### WHAT IS BEING ASKED
Write out the whole listing again, exactly as given.

======== RECORD EXTRACTS

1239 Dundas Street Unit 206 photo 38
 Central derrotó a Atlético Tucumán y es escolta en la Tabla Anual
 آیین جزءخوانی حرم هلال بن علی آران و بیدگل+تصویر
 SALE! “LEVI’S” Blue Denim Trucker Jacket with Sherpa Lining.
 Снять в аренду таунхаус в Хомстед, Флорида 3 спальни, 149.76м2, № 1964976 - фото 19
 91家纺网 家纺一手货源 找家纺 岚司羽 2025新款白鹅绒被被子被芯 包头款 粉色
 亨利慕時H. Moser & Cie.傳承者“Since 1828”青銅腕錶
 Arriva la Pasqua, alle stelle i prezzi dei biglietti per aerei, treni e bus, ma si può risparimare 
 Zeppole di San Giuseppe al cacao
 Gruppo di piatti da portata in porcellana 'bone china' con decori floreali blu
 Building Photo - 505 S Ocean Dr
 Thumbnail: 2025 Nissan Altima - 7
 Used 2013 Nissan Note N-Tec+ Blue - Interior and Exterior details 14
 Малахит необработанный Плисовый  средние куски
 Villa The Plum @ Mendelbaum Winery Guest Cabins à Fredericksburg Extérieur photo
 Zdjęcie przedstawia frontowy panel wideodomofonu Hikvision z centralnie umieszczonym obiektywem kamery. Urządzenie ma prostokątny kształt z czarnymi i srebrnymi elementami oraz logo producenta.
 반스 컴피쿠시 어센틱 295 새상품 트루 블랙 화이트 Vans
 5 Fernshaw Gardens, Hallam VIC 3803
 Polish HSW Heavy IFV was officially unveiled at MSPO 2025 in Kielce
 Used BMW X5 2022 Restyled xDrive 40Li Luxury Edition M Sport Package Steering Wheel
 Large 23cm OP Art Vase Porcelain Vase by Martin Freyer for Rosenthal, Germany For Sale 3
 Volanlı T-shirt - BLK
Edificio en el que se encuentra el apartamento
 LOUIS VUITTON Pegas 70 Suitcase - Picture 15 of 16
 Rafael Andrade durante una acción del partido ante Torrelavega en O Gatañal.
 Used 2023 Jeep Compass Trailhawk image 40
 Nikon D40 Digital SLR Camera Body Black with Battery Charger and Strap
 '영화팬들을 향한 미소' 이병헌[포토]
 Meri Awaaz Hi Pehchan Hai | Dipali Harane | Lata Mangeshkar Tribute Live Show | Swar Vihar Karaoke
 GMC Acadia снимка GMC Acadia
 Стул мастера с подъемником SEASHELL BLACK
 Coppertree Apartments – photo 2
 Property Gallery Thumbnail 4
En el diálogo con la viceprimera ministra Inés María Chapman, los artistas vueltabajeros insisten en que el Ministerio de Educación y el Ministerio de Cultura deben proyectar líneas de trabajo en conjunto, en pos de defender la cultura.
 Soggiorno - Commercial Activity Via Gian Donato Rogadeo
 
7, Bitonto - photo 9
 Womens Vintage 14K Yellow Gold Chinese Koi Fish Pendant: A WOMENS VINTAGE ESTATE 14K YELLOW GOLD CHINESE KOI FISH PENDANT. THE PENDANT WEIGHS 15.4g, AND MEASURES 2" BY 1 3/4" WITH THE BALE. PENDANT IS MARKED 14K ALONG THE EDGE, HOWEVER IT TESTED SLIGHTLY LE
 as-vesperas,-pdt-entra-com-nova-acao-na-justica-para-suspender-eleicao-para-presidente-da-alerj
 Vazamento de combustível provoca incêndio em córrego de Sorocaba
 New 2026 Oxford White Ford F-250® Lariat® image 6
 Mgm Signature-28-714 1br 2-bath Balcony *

================

### YOUR RESPONSE
1239 Dundas Street Unit 206 photo 38
 Central derrotó a Atlético Tucumán y es escolta en la Tabla Anual
 آیین جزءخوانی حرم هلال بن علی آران و بیدگل+تصویر
 SALE! “LEVI’S” Blue Denim Trucker Jacket with Sherpa Lining.
 Снять в аренду таунхаус в Хомстед, Флорида 3 спальни, 149.76м2, № 1964976 - фото 19
 91家纺网 家纺一手货源 找家纺 岚司羽 2025新款白鹅绒被被子被芯 包头款 粉色
 亨利慕時H. Moser & Cie.傳承者“Since 1828”青銅腕錶
 Arriva la Pasqua, alle stelle i prezzi dei biglietti per aerei, treni e bus, ma si può risparimare 
 Zeppole di San Giuseppe al cacao
 Gruppo di piatti da portata in porcellana 'bone china' con decori floreali blu
 Building Photo - 505 S Ocean Dr
 Thumbnail: 2025 Nissan Altima - 7
 Used 2013 Nissan Note N-Tec+ Blue - Interior and Exterior details 14
 Малахит необработанный Плисовый  средние куски
 Villa The Plum @ Mendelbaum Winery Guest Cabins à Fredericksburg Extérieur photo
 Zdjęcie przedstawia frontowy panel wideodomofonu Hikvision z centralnie umieszczonym obiektywem kamery. Urządzenie ma prostokątny kształt z czarnymi i srebrnymi elementami oraz logo producenta.
 반스 컴피쿠시 어센틱 295 새상품 트루 블랙 화이트 Vans
 5 Fernshaw Gardens, Hallam VIC 3803
 Polish HSW Heavy IFV was officially unveiled at MSPO 2025 in Kielce
 Used BMW X5 2022 Restyled xDrive 40Li Luxury Edition M Sport Package Steering Wheel
 Large 23cm OP Art Vase Porcelain Vase by Martin Freyer for Rosenthal, Germany For Sale 3
 Volanlı T-shirt - BLK
Edificio en el que se encuentra el apartamento
 LOUIS VUITTON Pegas 70 Suitcase - Picture 15 of 16
 Rafael Andrade durante una acción del partido ante Torrelavega en O Gatañal.
 Used 2023 Jeep Compass Trailhawk image 40
 Nikon D40 Digital SLR Camera Body Black with Battery Charger and Strap
 '영화팬들을 향한 미소' 이병헌[포토]
 Meri Awaaz Hi Pehchan Hai | Dipali Harane | Lata Mangeshkar Tribute Live Show | Swar Vihar Karaoke
 GMC Acadia снимка GMC Acadia
 Стул мастера с подъемником SEASHELL BLACK
 Coppertree Apartments – photo 2
 Property Gallery Thumbnail 4
En el diálogo con la viceprimera ministra Inés María Chapman, los artistas vueltabajeros insisten en que el Ministerio de Educación y el Ministerio de Cultura deben proyectar líneas de trabajo en conjunto, en pos de defender la cultura.
 Soggiorno - Commercial Activity Via Gian Donato Rogadeo
 
7, Bitonto - photo 9
 Womens Vintage 14K Yellow Gold Chinese Koi Fish Pendant: A WOMENS VINTAGE ESTATE 14K YELLOW GOLD CHINESE KOI FISH PENDANT. THE PENDANT WEIGHS 15.4g, AND MEASURES 2" BY 1 3/4" WITH THE BALE. PENDANT IS MARKED 14K ALONG THE EDGE, HOWEVER IT TESTED SLIGHTLY LE
 as-vesperas,-pdt-entra-com-nova-acao-na-justica-para-suspender-eleicao-para-presidente-da-alerj
 Vazamento de combustível provoca incêndio em córrego de Sorocaba
 New 2026 Oxford White Ford F-250® Lariat® image 6
 Mgm Signature-28-714 1br 2-bath Balcony *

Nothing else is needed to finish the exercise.